Exemplary operating modes for cylinder deactivation will be described. Lift mode can occur at engine speeds up to 7200 rpm and all operating temperatures. In the absence of an electrical signal to the OCV 16, the oil pressure in the switching port can be regulated to 0.2 bar to 0.4 bar. The latch 32 is in the extended position and engaged with the inner arm 22. Cylinder deactivation or no lift mode can be available on engine speeds up to 3500 rpm and oil temperatures of 20 degrees Celsius or higher. The no lift mode is triggered by an electric signal from the ECY 70 to the OCV 16, which increases the oil pressure in the switching pressure port above 2.0 bar. The increase in pressure retracts the latch 32 to disengage the inner arm 22. In one example oil pressure at 20 degrees Celsius is above 4.0 bar. Additionally, 2.0 bar oil pressure is practical at temperatures above 100 degrees Celsius. As a result, the oil pressure at cold temperature can be 3 bar.
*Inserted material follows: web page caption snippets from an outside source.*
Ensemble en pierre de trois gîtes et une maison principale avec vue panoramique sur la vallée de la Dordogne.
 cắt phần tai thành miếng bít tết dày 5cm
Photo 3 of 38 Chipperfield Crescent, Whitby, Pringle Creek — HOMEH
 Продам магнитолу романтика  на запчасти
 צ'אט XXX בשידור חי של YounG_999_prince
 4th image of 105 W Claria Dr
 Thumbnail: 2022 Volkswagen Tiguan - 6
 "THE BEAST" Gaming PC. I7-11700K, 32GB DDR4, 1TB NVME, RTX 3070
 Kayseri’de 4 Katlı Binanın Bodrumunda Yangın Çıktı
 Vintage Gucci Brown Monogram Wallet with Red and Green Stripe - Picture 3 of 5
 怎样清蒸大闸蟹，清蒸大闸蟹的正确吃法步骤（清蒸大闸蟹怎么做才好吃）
With specific reference now to FIG. 2, a cross-section of the SRFF assembly 10 during lift mode will be described. In the absence of an electrical signal to the OCV 16, the oil pressure in the switching pressure port is 0.2 to 0.4 bar. The latch 32 is extended and engaged with the inner arm 22. The SRFF assembly 10 inner arm 22 and outer arm 24 are linked together working as a single body similar to a standard rocker arm. The camshaft rotational motion is transferred to the valve 26 through the inner arm 22 and the outer arm 24. The valve 26 opens and closes based on the lift profile of the camshaft lift lobe 20.
With specific reference now to FIG. 3, a cross-section of the SRFF assembly 10 during no-lift mode will be described. The electric signal from the ECU 70 energizes the OCV 16 to pressurize the switching port with engine oil pressure. In one configuration, a minimum of 2.0 bar is needed to overcome the latch spring 80 preload force, compressing the latch spring 80 and moving the latch 32 in the retracted position, disengaging the inner arm 22 from the outer arm 24. The SRFF assembly 10 can include a gap between the latch 32 and the inner arm 22 called latch lash. The lash allows the latch 32 to move in and out of the outer arm 24 based on the oil pressure in the switching port and when the camshaft is on the base circle. The absence of the connection between the latch 32 and the inner arm 22 results in camshaft rotational motion transfers to the inner arm 22 only that rotates around the pivot axle 76. Camshaft motion is not transferred to the valve 26 that remains at rest on the valve seat 54.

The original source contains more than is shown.